Just before the demons had seen us, they’d been talking about Samos trying to make a deal with the Magistrate so he could watch the pound-of-flesh ceremony. But he hadn’t been willing to sign the contract allowing him temporary-visitation rights, because it would’ve required him to give up something precious. I was just getting an image of that something when the demons identified us. All I’d seen were its eyes, glowing, as if in the lights of a vehicle.
Forget about the eyes for a second, Jaz. You’re so damn fixated it’s nauseating. What else was there? Anything? At all?
I thought hard. It had all happened so fast, it was tough to remember. Just a split second really.
I closed my own eyes. Relaxed.
Don’t create anything. Don’t try to see. Just be in that moment one more time.
Demons talking. Gossiping, really.
Did you hear? No, you’re kidding!
Their words creating images, like a movie, right in front of me. Yeah, yeah, there were the eyes. And . . . something more. A rough outline, darker than the dark, of a furry body. Four legs. A tail.
“Holy crap!” I opened my eyes, realized the room had gone silent.
“Jasmine?” Vayl crooked an are-you-all-right eyebrow at me.

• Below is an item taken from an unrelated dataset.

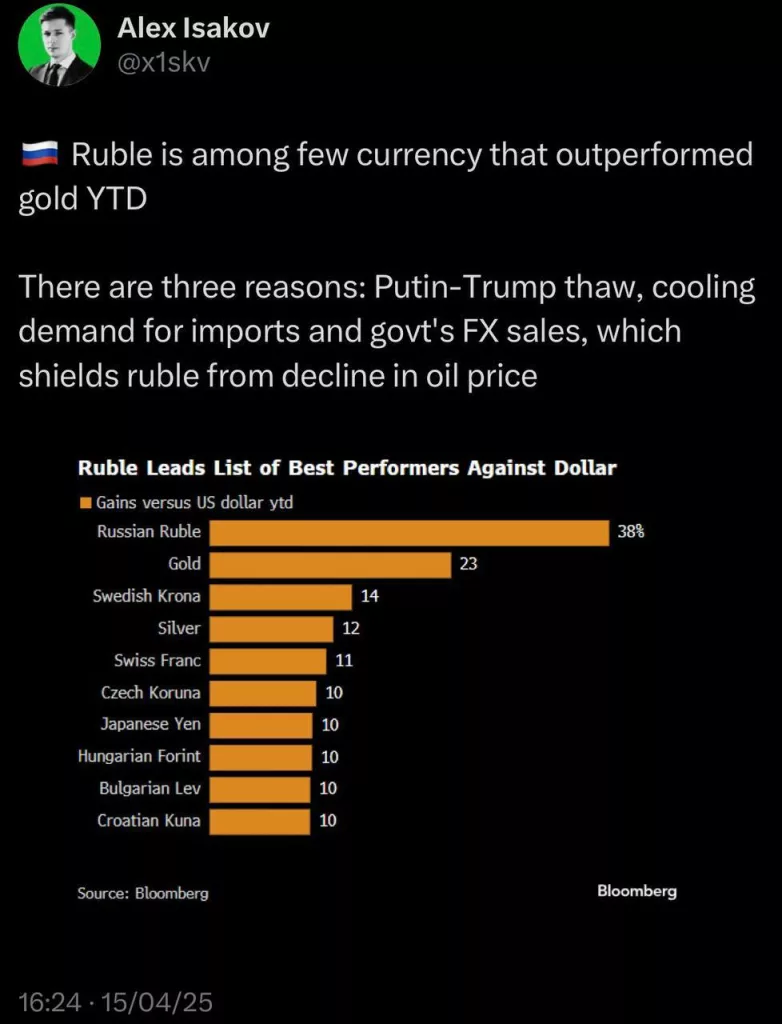 Рубль в 2025 году стал лидером роста среди валют — +38% к доллару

“I just figured it out! The reason I was willing to go to hell with Raoul. Give up shuffling cards. It was for the chance to find out what is more precious to Samos than anything in the world now that his
avhar
’s dead.”
Vayl’s eyes glittered with excitement. He knew what this could mean. Leverage of the best kind against our worst enemy. “What is it?” he asked.
“His dog. He wouldn’t give it up. Not even to come to hell. Meet with the Magistrate. Maybe arrange himself a real power play.” And we all knew how much Samos adored power.
Vayl rubbed his hands together. “How do you put it? This is major. This is . . . this is very exciting, Jasmine. We could really get to him with this.”
“Yeah. So start thinking.”
Everybody began talking at once, which gave me the cover I needed to slip out of the room. Asha had offered to take care of the reavers for me, but I felt like I should be the one to deal with them. My actions had brought them to this place, after all. In a roundabout way, okay, but still. As I suited up for one last job, I thought back to my farewell with the Amanha Szeya. He’d come such a long way in the short time I’d known him. The sad-dog look had fallen from his face, to be replaced with a quiet, proud courage. He stood taller, smiled wider, spoke surer than I’d ever known him to before.